Went to a call in the middle of nowhere. Poco had installed this as his meterbase. Never seen this before. Why the extra lugs. They are too big for parallel feeders. The main in it is a 200 amp. If its to feed 3 different things would the feeders all need to be 200 amp size.. thats like a waste. Whats this panel all about

learning to learn


----------



## ElectricJoeNJ (Feb 24, 2011)

Full pic would be nice.


----------



## daveEM (Nov 18, 2012)

I don't see a meter base.


----------



## don_resqcapt19 (Jul 18, 2010)

zen said:


> ... The main in it is a 200 amp. If its to feed 3 different things would the feeders all need to be 200 amp size ...


The feeders would not all have to be 200 amp feeders. There are provisions in 240.21(B) that permit smaller conductors.


----------



## circuitman1 (Mar 14, 2013)

those wires are not going to stand 200 amps!


----------



## zen (Jun 15, 2009)

Eryago

learning to learn


----------



## zen (Jun 15, 2009)

don_resqcapt19 said:


> The feeders would not all have to be 200 amp feeders. There are provisions in 240.21(B) that permit smaller conductors.

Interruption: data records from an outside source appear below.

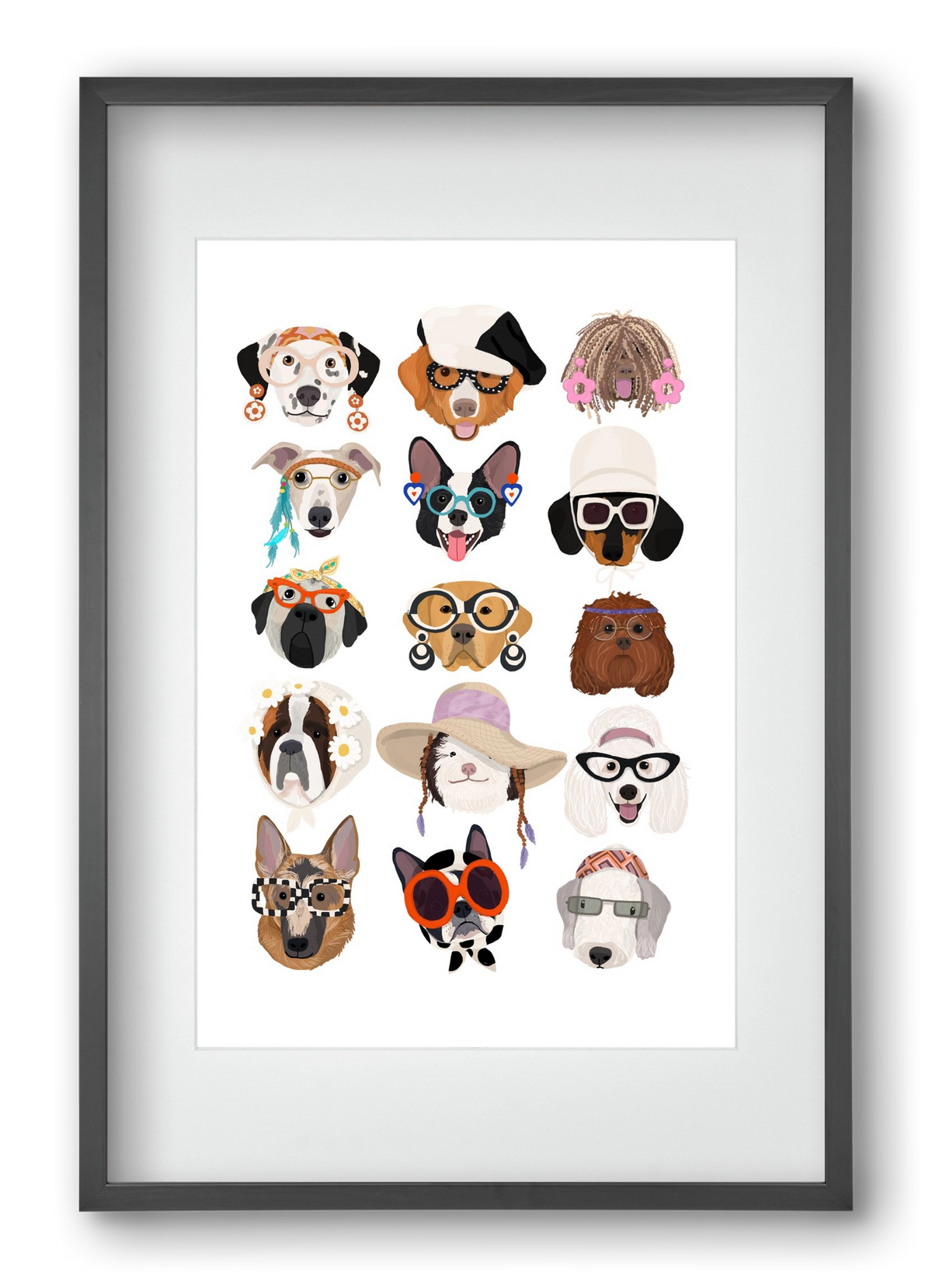 Dogs in the 1960's, 40x60 cm (30x45 cm), Fekete keret, paszpartuval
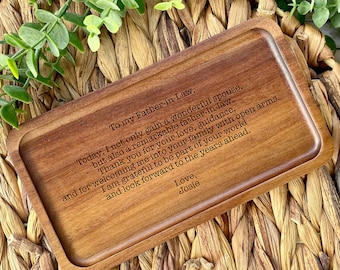 Personalized Wedding Day Valet Tray | Engraved Gift from Bride for Father of the Groom, Father of the Bride, Mother & In-Law Keepsake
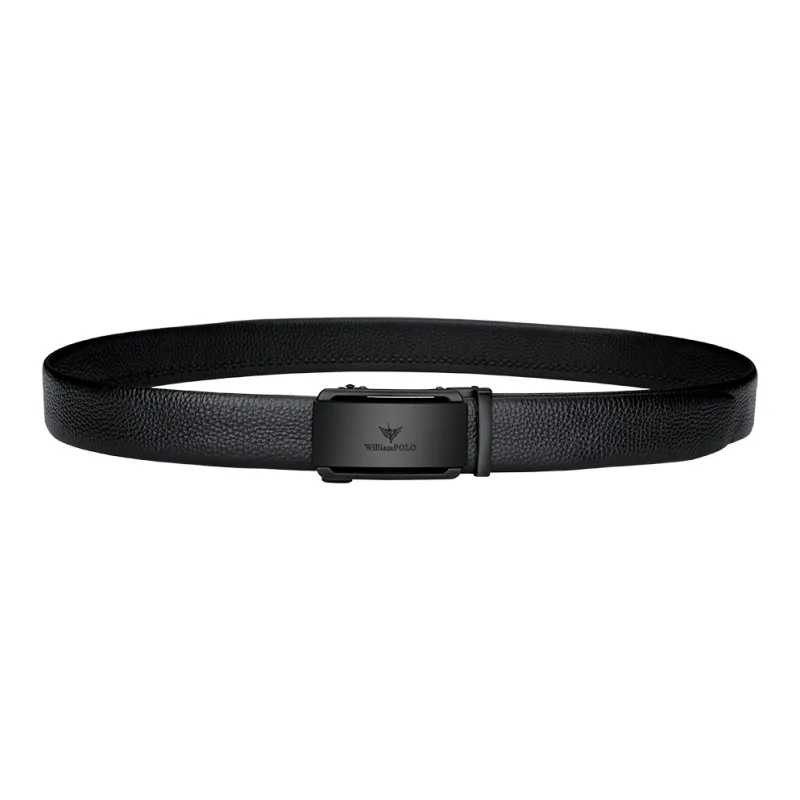 WilliamPOLO Top Grain Cow Leather Leather Belts Men's Gunmetal 3.5cm Width-6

Thanks. That should have been obvious to me.. often there is one size meter that feeds smaller panels through a gutter with the tap rule applied. Thanks

learning to learn


----------



## Cow (Jan 16, 2008)

Who makes that meter main? Milbank?


----------



## zen (Jun 15, 2009)

I didnt look. I should have. The poco installed it with the ground and ground rod.

learning to learn


----------



## A Little Short (Nov 11, 2010)

Cow said:


> Who makes that meter main? Milbank?


It is a Milbank.


----------



## zac (May 11, 2009)

Hey Zen,
where is your rockin to Dokken guitar?


----------



## zen (Jun 15, 2009)

Ya know. Had to update the profile pic.

learning to learn


----------



## Norcal (Mar 22, 2007)

A Little Short said:


> It is a Milbank.


 
With a Zinsco knockoff Milbank main breaker.


----------